Buying international plane tickets for a steal has a different set of rules than for domestic tickets, says Jeff Klee, the CEO of CheapAir.com, which released data from more than 350 million international flights today. That includes different rules for when to buy and when to travel, he says.
And experts say there’s even more to it than that, so Moneyish pulled together these insider tips for scoring deals on international airfare:
Buy your tickets this far in advance
In general, to get the best deal, you should buy international plane tickets even further in advance than you would domestic tickets (which tend to hit their sweet spot, price-wise, between the 3 week to 3 1/2 -month ahead mark), says Klee. How far in advance depends on the country, CheapAir’s analysis found. This checklist lists the average number of days ahead you should book (remember, these are just averages so this won’t be true every single time) to get the best deal.
Canada: 59 days
Mexico: 61 days
Central America: 61 days
Caribbean: 76 days
South America: 81 days
South Pacific: 89 days
Asia: 90 days
Europe: 99 days
Africa: 119 days
Middle East: 119 days
Travel during these times of year
Even more so than with many domestic destinations, seasonality matters for deal-hunters when you’re going overseas, says Klee. Take Europe for example: It’s typically cheapest to travel there in winter, most expensive in summer, says Klee. For beach vacations in Mexico and the Caribbean, the most expensive time to travel is generally December to April and prices start to go down in May and June with the best prices in August and September. The Hopper apps is a simple way to figure out when is the cheapest time to fly somewhere.
Read the fine print
While you may be able to get away with just a small bag and no snacks on a domestic flight, it’s often harder to do that when you’re traveling overseas on a longer flight. That means you have to really watch the fees, particularly on low-cost airlines like WOW and Norwegian, says George Hobica, the founder of AirfareWatchdog.com. “I’ve seen super low fares on WOW that looked great in comparison to the bigger European and U.S. airlines, but when you factor in ancillary costs the European and US carriers are actually cheaper,” he says. “So don’t be suckered in by a low advertised fare before you look at the extras such as seat selection, bags, meals.”

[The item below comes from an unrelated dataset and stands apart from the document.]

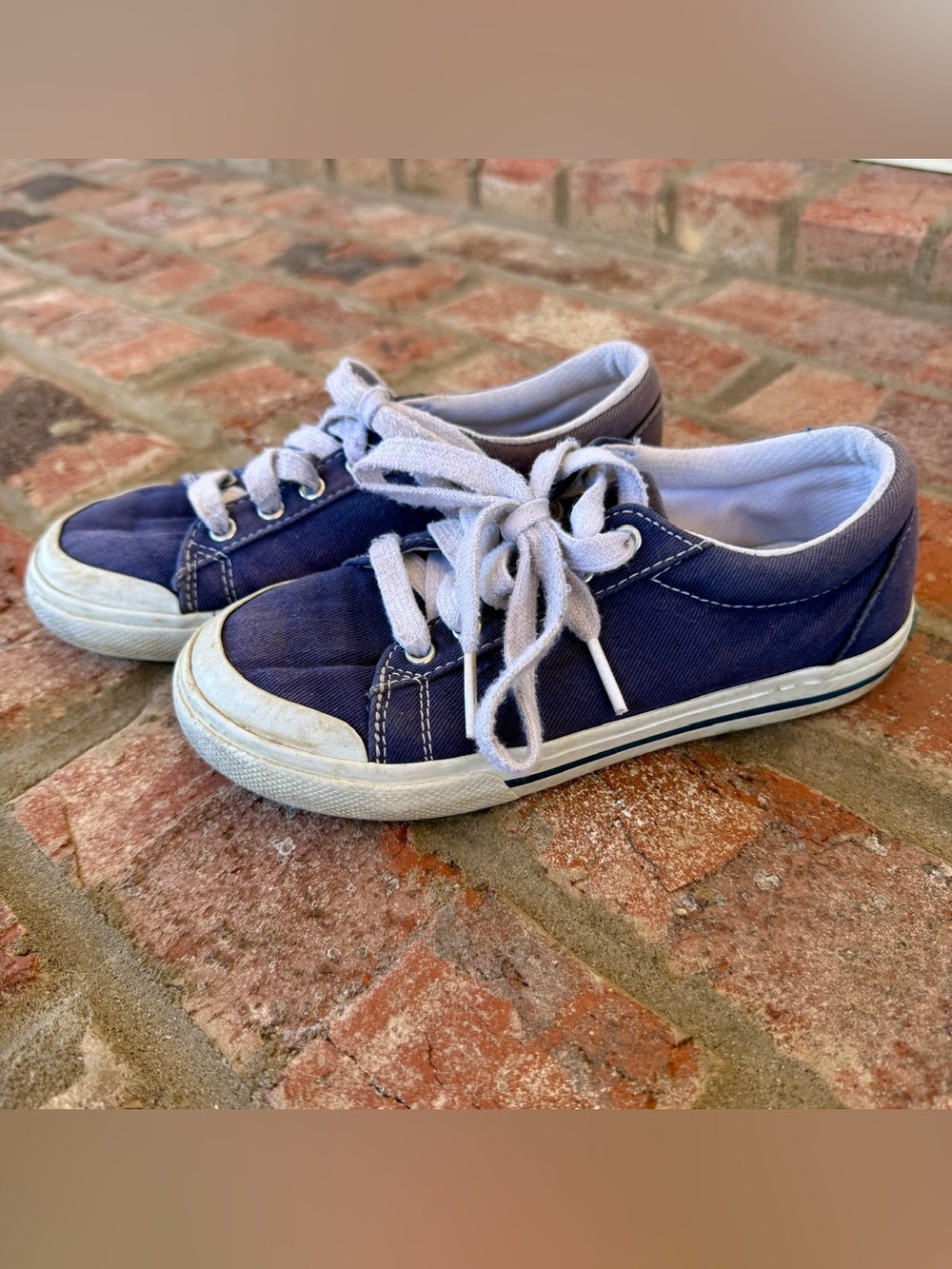 FootMates Navy and White Kids Canvas Lace-Up Sneakers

Do not wait until the last-minute
Klee says CheapAir’s “biggest takeaway” from their analysis was that it is much harder to get a last-minute deal on an international flight than a domestic one. Of course, that doesn’t mean these don’t happen, just that they are unlikely. But if you’ve got the time to travel on a whim, sign up for a service like AirfareWatchdog, which tweets ultra-low last-minute fares, as well as other good airfare deals.
Fly on the right days
There’s at least one rule that’s true domestically and internationally: “Flying during the week is almost always going to give you better prices than will flying on the weekend,” says Klee. Take Europe, for example: Patrick Surry, the chief data scientist at Hopper.com says “you can save over $150” by being smart about when you fly. “Across the board, the best fares to Europe are found flying on Mondays, Tuesdays and Wednesdays and the highest fares flying on Sundays,” says Klee.